June 29, 2012 by Kat

Lettere

Sometimes I marvel how the human brain works. I wanted a mail-related photo for today’s Liberate Your Art Swap update post and I thought of this photo. I remembered taking this picture in Venice, although I had never done any editing on it. I thought I took it when we were there with my husband’s parents. So, with nothing other than that to go on, I went into Lightroom and went directly to the November 2010 folder, the month we visited with his parents. Yep, there it was! Pretty darn cool the way the brain works, isn’t it? And the way Lightroom works too. Even though my photos are still not keyworded (although getting better – this folder now has keywords for Venice!), I can find things relatively quickly.

So with that… on to the update! As of this morning, there are 255 artists signed up for the swap! Yeah! If the participation rate is the same or better as last year, I should meet my goal for increasing participation this year. And, there are still a couple more weeks to sign up! I’m going to keep sign up open through July 15. After that, I figure it’s getting to late to get everything together with creating and mailing postcards. Thanks to everyone who has been sharing about the swap – there is still time to share!

A few more envelopes trickled in this week, doubling my total of envelopes to 8. I’m also keep track of where they are coming from, so that will be fun to give an update on as I receive more. From the comments in the Facebook event, lots of people are getting ready to send their postcards in, so the rush is on it’s way. How fun!!

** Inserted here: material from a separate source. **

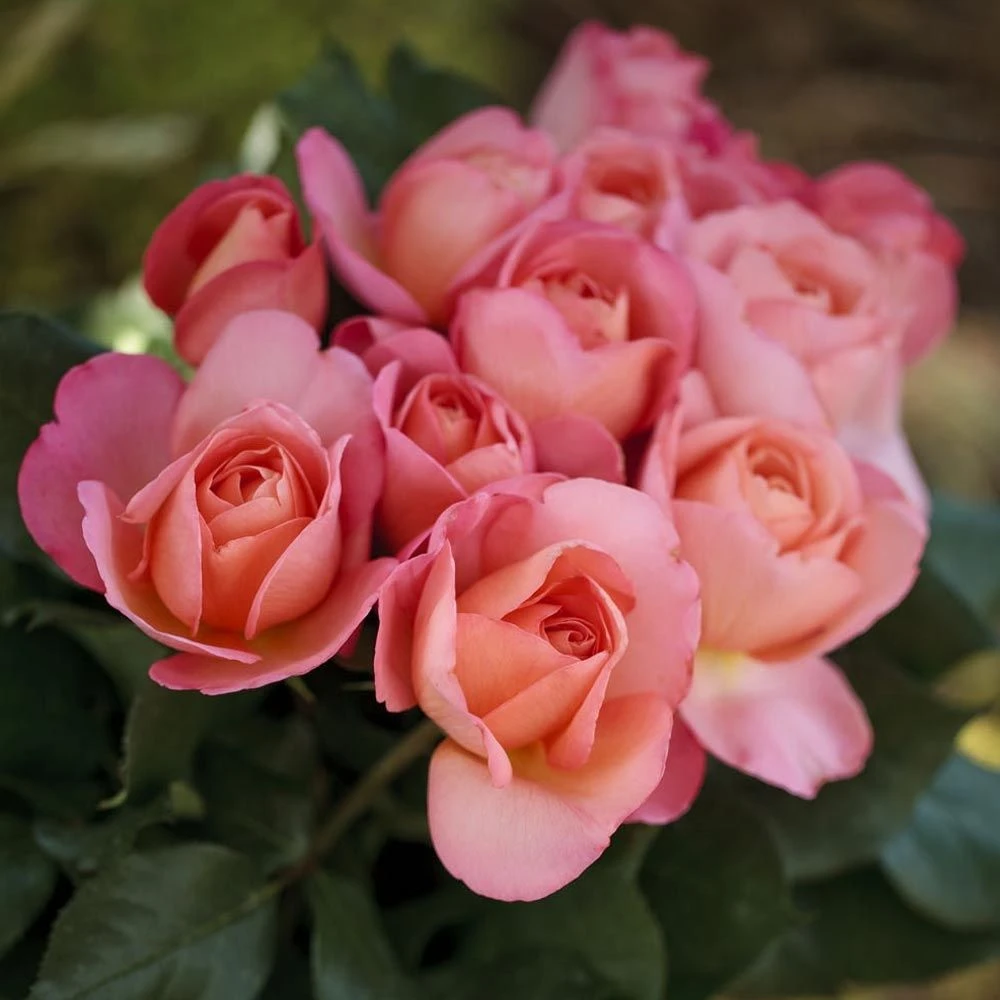 Rosier JAZZ FESTIVAL ® Meizizany 5 Rosier JAZZ FESTIVAL ® Meizizany – Image 3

If you haven’t ordered your postcards yet, I received a code from Moo this week: Enter the code POSTSTICK at checkout by midnight PST 4th July 2012 and you will receive free shipping (cheapest shipping option only). Order must include at least one pack of Postcards and/or Stickers. I don’t know if that will work in conjunction with my link that gives 10% off for new customers, but it’s worth a try if you haven’t ordered yet and were planning to use Moo.

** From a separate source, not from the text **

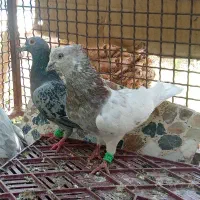 کفتر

One more reminder: Photo-Heart Connection link up for June opens this Sunday, July 1! I can’t wait to see what’s connecting with you this month. See you then!

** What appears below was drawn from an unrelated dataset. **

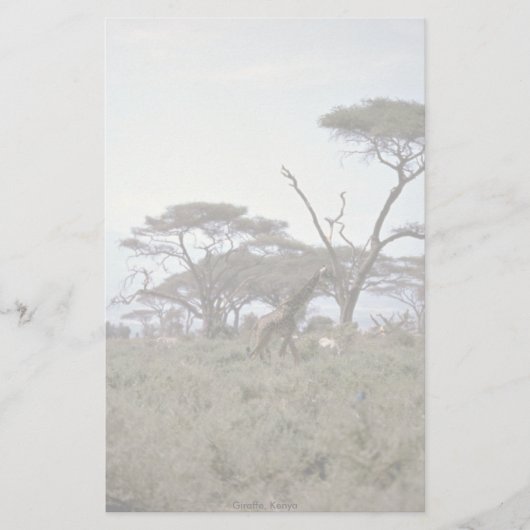 Giraffe, Kenia Briefpapier (Vorderseite)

Filed Under: The Kat Eye View of the World Tagged With: heart, Italy, letter, monochromatic, postcard swap, Venice, wrought iron

June 28, 2012 by Kat

Arriving

It’s done! It’s done! My latest painting is done. I see it as a wave. A never-ending wave… it’s always swirling around, moving, pulling in and breaking out. There is energy in the motion. I’ve entitled it “Arriving” because that is what I see it doing. Always arriving, never arrived. Just like us. Any time we think we have “arrived” we start on a new journey. Any time our wave breaks on shore, we have but a brief moment before we are pulled back into the swirl of life and creativity. That’s just how it works.

Arriving, Acrylic on Canvas, 16×20″

Getting back into painting has been fun. I’ve enjoyed seeing this image emerge, letting it tell me where I wants to go. I’ve enjoyed getting paint on my hands and under my fingernails. I’ve enjoyed gazing at the end product up on my easel. I’ve also enjoyed what I’ve learned from the contrast of this painting, which I love, and the other one that I was hating last week. Thanks to your advice, I’ve set that painting aside and I will come back to it later. There are some distinct difference between my approach between “Arriving” and the painting-which-shall-remain-nameless. The biggest is in the gestures I used. For Arriving, I was playful and free. I did not try for clean edges or precision. I found interesting things to stamp with. I circled and swirled, layered without trying to be smooth or clean. The interaction of the layered elements is what I like best. In the painting I hate, I got wrapped up in clean edges and even coverage. The gesture, the texture, and the interaction of elements got lost in the precision. So, for my next paintings, I’m going to go with the looseness. Open gestures, stamping shapes, allowing imprecision. See what emerges.

Here’s the painting in it’s process of “Arriving”… Just in time for Paint Party Friday! Starting with shades of blue, lots of fingerpainting and a spray bottle to drip:

Adding more blue and some circles with a foam brush, more dripping:

Adding green and beginning to define the swirl:

The white enters, using various random things to stamp circles:

More white and layering of the circles with other colors to further blend and define the regions:

A few minor additions of light/dark to blend the swirl with the “bubbles” and the work is finished:

Arriving, Acrylic on Canvas, 16×20″

I took a few closeups of my favorite parts:


And a new question for all of you experienced painters this week: How do you sign your work? This painting is, as yet, unsigned. I’ve always had this struggle of wanting the signature to be small, neat and unobtrusive but I am paint-challenged for small details and it never turns out right. I find myself wanting to sign it with a fine point Sharpie and be done. Any advice is appreciated, and thank you so much in advance for sharing your tips! Last week’s comments were so helpful.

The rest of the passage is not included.